Rusia existe, es muy poderosa y tiene capacidad de alterar el orden mundial a pesar de que los triunfalistas liberales anunciaron el fin de la historia al caer el Muro de Berlín en 1989. No importa que en las ruinas de la Unión Soviética no hayan aparecido líderes con talla y criterio, ni que no haya partidos, ni nueva sociedad, ni nueva economía y que los complejos energéticos hayan caído en manos de cuatro pillos que crecieron y vivieron en el sistema anterior.
A pesar de ello, Rusia es determinante en la historia del mundo. Se rige por los criterios de un estado muy débil y un instinto maquiavélico de todos los dirigentes que han gobernado aquel inmenso país desde Pedro I el Grande.
La fuerza de Rusia tiene mucho que ver con sus dimensiones físicas. Su inacabable territorio y la capacidad de sufrimiento de sus gentes han prevenido que Europa fuera dominada por Napoleón en el siglo antepasado y por Hitler en el último.
Pero también es cierto que después de estas colosales epopeyas nacionales, la paz de Rusia se ha identificado con la imposición de criterios autocráticos hasta allí donde llegaban sus ejércitos. Es célebre la frase de un general de la zarina Catalina cuando afirmó que Rusia no estaría segura hasta que sus soldados no estuvieran controlando las dos orillas de sus vastas fronteras.
Tras la guerras napoleónicas formó parte de la Santa Alianza en nombre del conservadurismo para frenar la Revolución Francesa y después de la última guerra mundial en nombre del comunismo que negó las libertades a los rusos y a media Europa.
El imperio soviético se desmoronó con la perestroika de Gorbachev pero el instinto expansionista de los rusos no ha quedado borrado de la historia. Hay un dato escalofriante que revela que en los últimos cuatro siglos Rusia ha conquistado nuevos territorios a un promedio de cincuenta kilómetros cuadrados cada día.Pedro el Grande dejó escrito en su testamento que los rusos no podían dormir tranquilos hasta que se pudieran bañar plácidamente en las aguas del Golfo Pérsico.
Con la adquisición de nuevas tierras se incorporaron también nuevas etnias, diferentes religiones, culturas muy diversas, lo que hizo muy difícil crear un estado homogéneo que se desmoronó en 1989 haciendo realidad aquella falsa promesa de Lenin de que Rusia dejaría de ser la cárcel de los pueblos.

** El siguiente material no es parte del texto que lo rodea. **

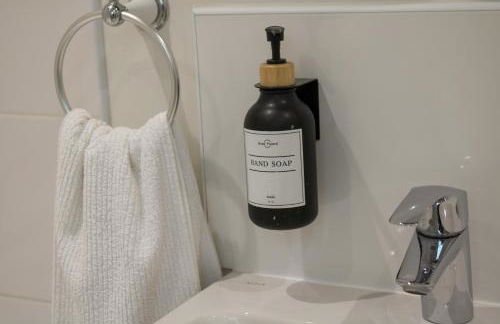 Relaxing Town Centre House - Perfect for Exploring - Photo 10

No es una casualidad que los problemas energéticos de estos días se hayan concentrado en Ucrania, la cuna de Rusia, emancipada en los tiempos del frívolo Boris Eltsin. El precio del combustible es el pretexto para cortar el suministro a Ucrania y Moldavia.
Desde el Kremlin se anuncia que no afectará a los países de Europa central que dependen tanto de la energía que viene de Rusia. Polonia, Chequia, Eslovaquia y Hungría tiemblan cada vez que se mueve la situación en Alemania o en Rusia.

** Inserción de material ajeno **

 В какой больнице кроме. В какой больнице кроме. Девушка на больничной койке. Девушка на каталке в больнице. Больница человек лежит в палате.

Por eso es tan importante para la paz europea y mundial la incorporación de esos estados a la Unión Europea, un espacio que garantiza derechos y libertades y que no pretende dirimir los conflictos nacionales con ejércitos organizados.
Europa ha de buscar la paz y la tranquilidad con Rusia y no olvidarse de su vínculo atlántico. El poderío americano y el inmenso territorio ruso que va desde Polonia al Pacífico no pueden convertirse en una tenaza que estropee la plural identidad y el progreso europeo. Javier Solana sabe mucho de ello. Y trabaja incansablemente en las dos direcciones.